→ WHAT IS NEEDED
Once you find the line containing "Metallic Dupion Ribbon" in the data below, copy it and each following line exactly, up to and including the line containing "Peter Millar Men's", and nothing else.

→ RECORDS FOR THE EXERCISE

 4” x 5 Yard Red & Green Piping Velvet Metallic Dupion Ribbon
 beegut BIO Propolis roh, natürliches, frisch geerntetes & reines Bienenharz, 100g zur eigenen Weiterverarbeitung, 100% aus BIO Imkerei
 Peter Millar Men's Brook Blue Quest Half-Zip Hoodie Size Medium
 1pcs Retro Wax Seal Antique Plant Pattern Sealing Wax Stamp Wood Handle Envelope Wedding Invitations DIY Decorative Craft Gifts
...
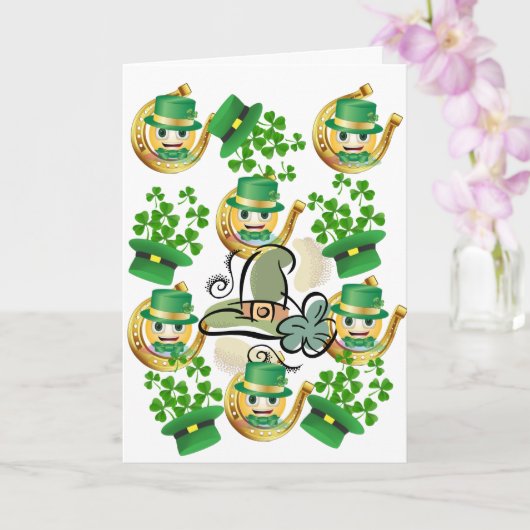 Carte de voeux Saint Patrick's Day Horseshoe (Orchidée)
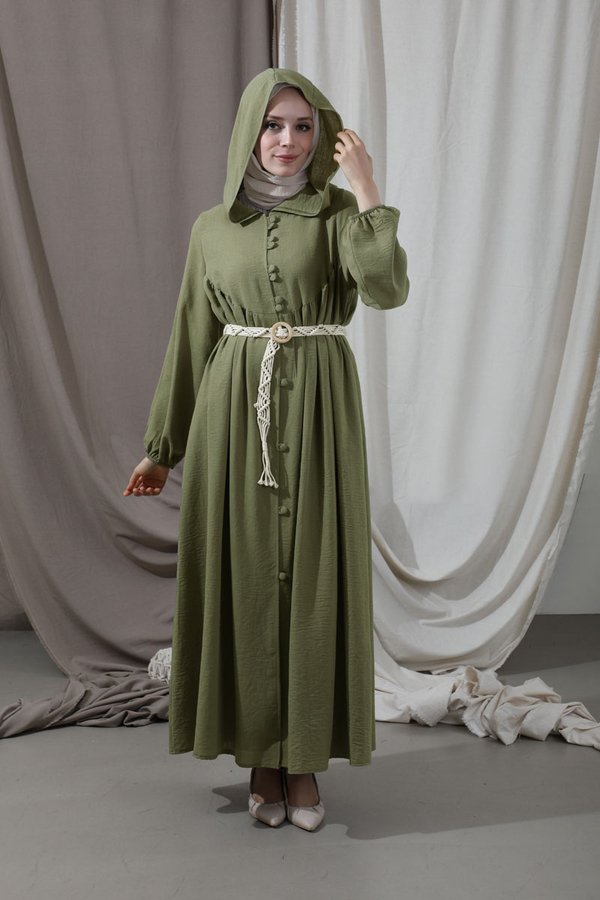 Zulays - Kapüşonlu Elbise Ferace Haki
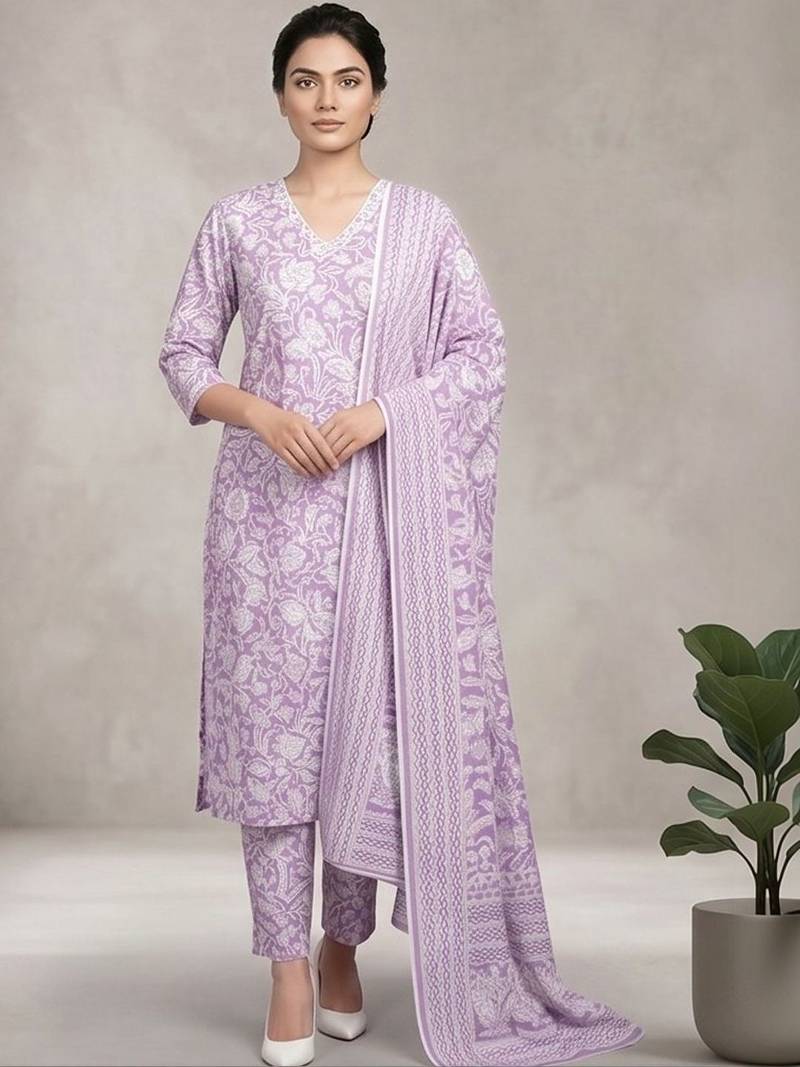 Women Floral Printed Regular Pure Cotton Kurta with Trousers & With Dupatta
==
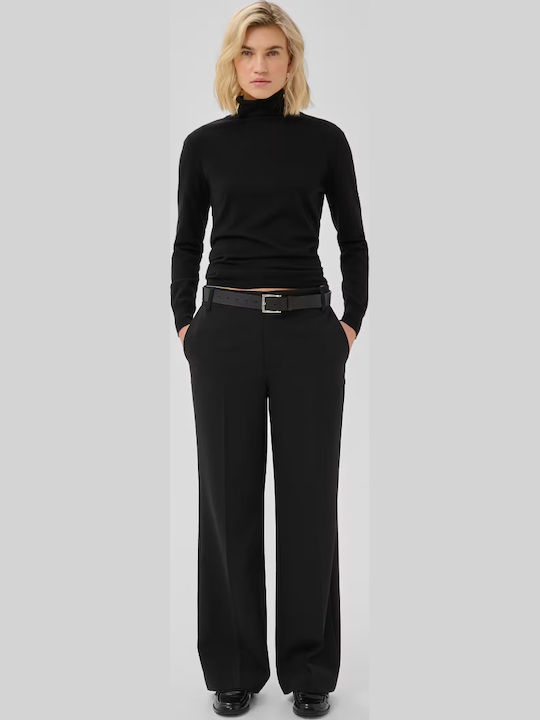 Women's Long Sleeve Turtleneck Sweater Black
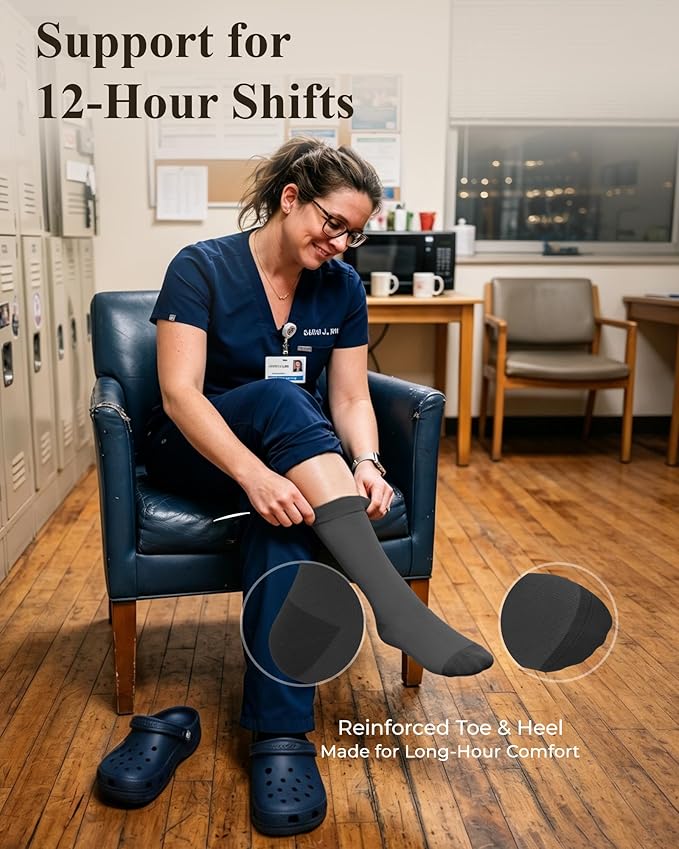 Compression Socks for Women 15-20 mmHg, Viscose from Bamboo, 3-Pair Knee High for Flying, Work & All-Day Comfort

→ EXERCISE ANSWER
 4” x 5 Yard Red & Green Piping Velvet Metallic Dupion Ribbon
 beegut BIO Propolis roh, natürliches, frisch geerntetes & reines Bienenharz, 100g zur eigenen Weiterverarbeitung, 100% aus BIO Imkerei
 Peter Millar Men's Brook Blue Quest Half-Zip Hoodie Size Medium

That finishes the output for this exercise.